**Extracted entries:**
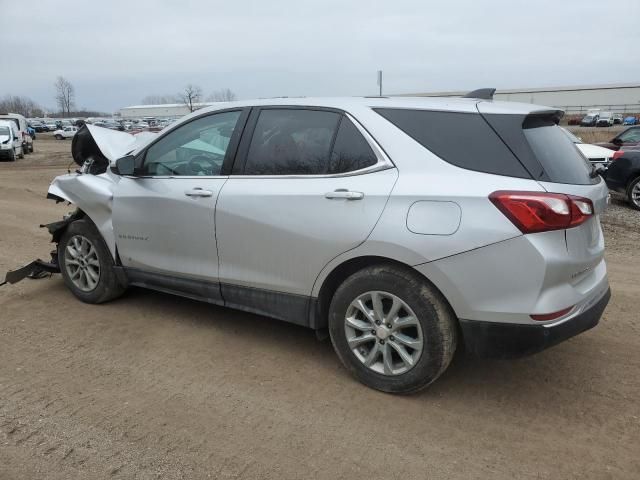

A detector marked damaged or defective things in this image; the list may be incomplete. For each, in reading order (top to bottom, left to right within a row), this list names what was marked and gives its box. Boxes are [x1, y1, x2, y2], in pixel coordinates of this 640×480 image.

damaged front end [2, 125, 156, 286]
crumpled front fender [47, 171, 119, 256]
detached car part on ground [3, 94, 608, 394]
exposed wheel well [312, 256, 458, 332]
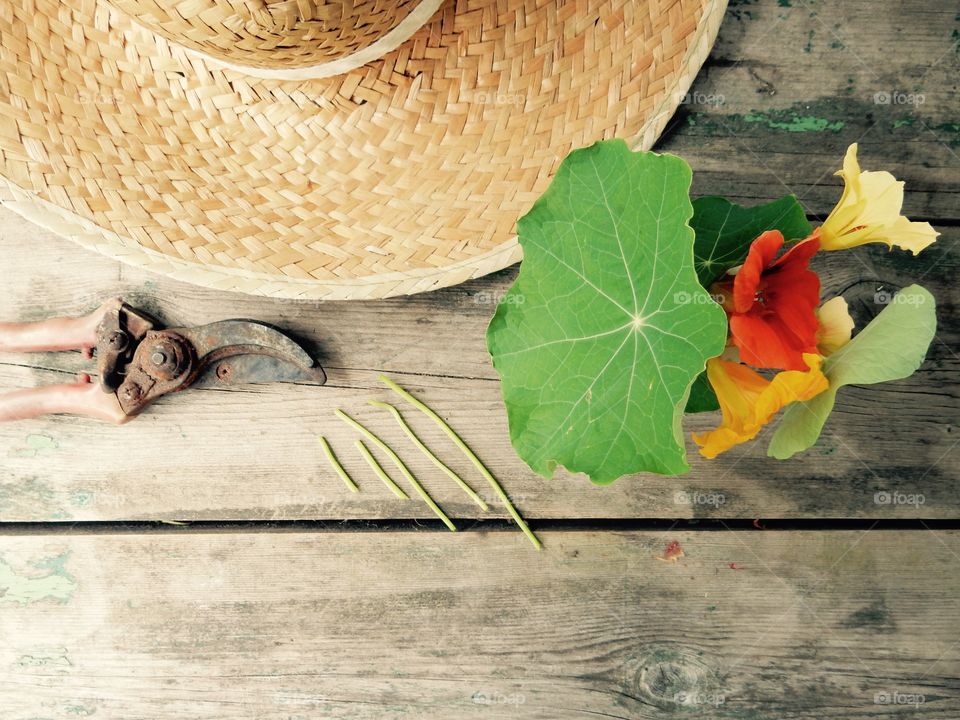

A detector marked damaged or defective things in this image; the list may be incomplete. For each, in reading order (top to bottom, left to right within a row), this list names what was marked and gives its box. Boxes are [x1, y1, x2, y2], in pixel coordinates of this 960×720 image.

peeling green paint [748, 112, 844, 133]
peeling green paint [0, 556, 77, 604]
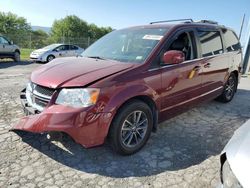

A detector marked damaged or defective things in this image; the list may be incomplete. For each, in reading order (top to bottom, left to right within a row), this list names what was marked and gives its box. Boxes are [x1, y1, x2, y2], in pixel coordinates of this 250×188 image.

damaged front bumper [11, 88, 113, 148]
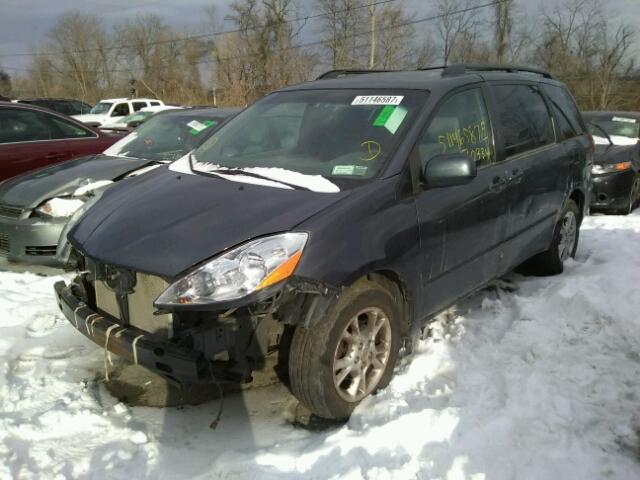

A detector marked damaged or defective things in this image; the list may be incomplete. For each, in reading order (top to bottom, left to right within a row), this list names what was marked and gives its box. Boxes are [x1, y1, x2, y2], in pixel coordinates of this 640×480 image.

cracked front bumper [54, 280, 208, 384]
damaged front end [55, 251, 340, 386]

--

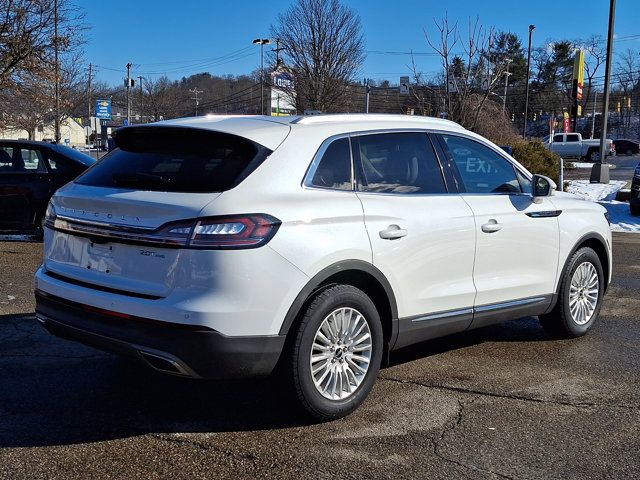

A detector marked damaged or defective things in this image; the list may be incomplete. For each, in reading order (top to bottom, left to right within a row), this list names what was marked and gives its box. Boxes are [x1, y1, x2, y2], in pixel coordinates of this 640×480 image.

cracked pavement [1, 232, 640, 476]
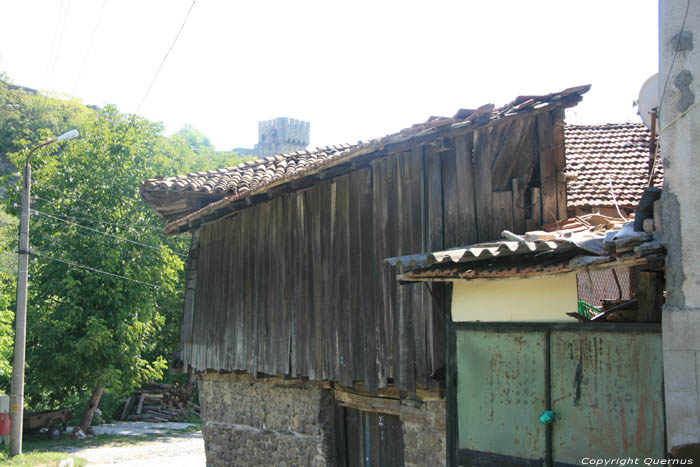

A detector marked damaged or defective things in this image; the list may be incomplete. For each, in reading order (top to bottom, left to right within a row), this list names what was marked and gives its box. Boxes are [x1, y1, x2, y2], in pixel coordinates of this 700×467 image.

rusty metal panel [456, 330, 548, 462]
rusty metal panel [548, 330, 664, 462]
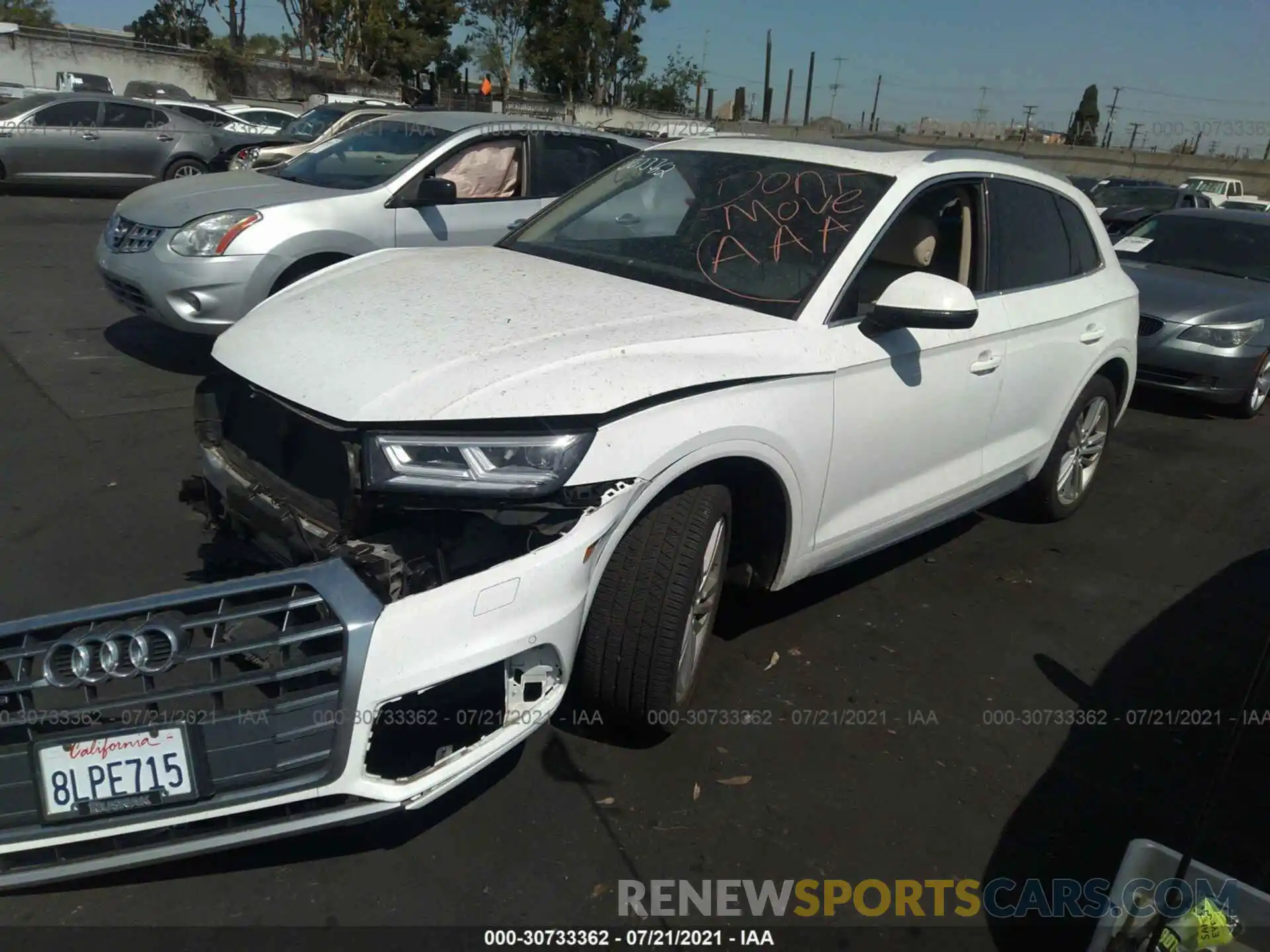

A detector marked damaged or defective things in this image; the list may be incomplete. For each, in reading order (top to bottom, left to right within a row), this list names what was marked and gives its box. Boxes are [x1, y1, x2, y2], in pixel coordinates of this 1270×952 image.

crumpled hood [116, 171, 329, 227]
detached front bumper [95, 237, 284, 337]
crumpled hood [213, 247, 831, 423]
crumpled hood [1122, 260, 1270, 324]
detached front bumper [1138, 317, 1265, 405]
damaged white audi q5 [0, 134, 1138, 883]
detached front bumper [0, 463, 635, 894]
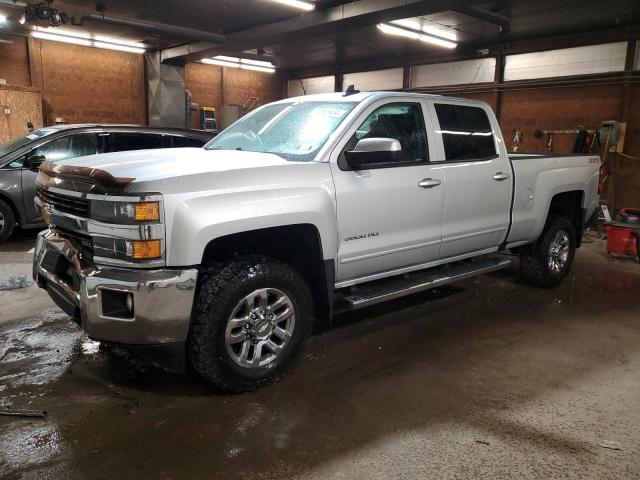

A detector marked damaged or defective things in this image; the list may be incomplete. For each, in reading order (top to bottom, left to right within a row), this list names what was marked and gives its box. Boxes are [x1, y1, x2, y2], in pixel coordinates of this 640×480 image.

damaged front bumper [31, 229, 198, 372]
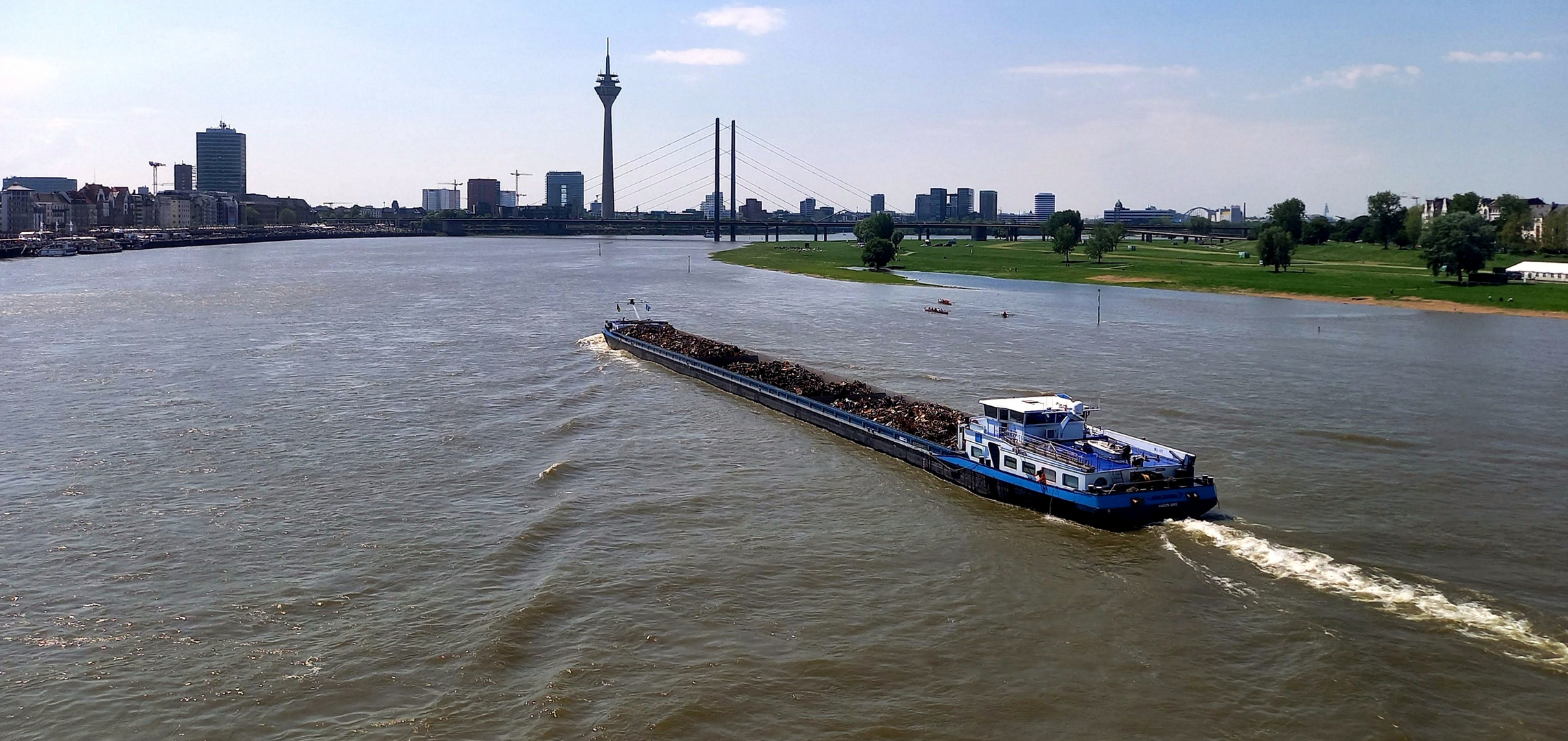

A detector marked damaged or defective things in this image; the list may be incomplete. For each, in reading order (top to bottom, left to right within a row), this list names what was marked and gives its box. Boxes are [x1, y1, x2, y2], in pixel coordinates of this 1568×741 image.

**Assignment:**
Here the job is to copy the listing above word for word, starting at the line with "this 1270×952 image." and ending at the line with "this 1568×741 image.", and to leave out the pictures.

**Task result:**
A detector marked damaged or defective things in this image; the list may be incomplete. For each, in reading order (top to bottom, left to right within a row), this list names what was marked and gives its box. Boxes are [x1, y1, x2, y2], in pixel coordinates of this 1270×952 image.

crumpled hood [116, 171, 329, 227]
detached front bumper [95, 237, 284, 337]
crumpled hood [213, 247, 831, 423]
crumpled hood [1122, 260, 1270, 324]
detached front bumper [1138, 317, 1265, 405]
damaged white audi q5 [0, 134, 1138, 883]
detached front bumper [0, 463, 635, 894]

A detector marked damaged or defective things in this image; the list may be incomplete. For each, in reading order (top to bottom, left to right within a row), this list names what was marked and gives its box. Boxes are [x1, y1, x2, y2], in pixel coordinates of this 640×480 image.

damaged front bumper [31, 229, 198, 372]

A detector marked damaged or defective things in this image; the list may be incomplete. For each, in reading order (top to bottom, left to right within a row), this list names what was marked and gives its box. Boxes are [x1, y1, x2, y2], in pixel coordinates of this 1568×741 image.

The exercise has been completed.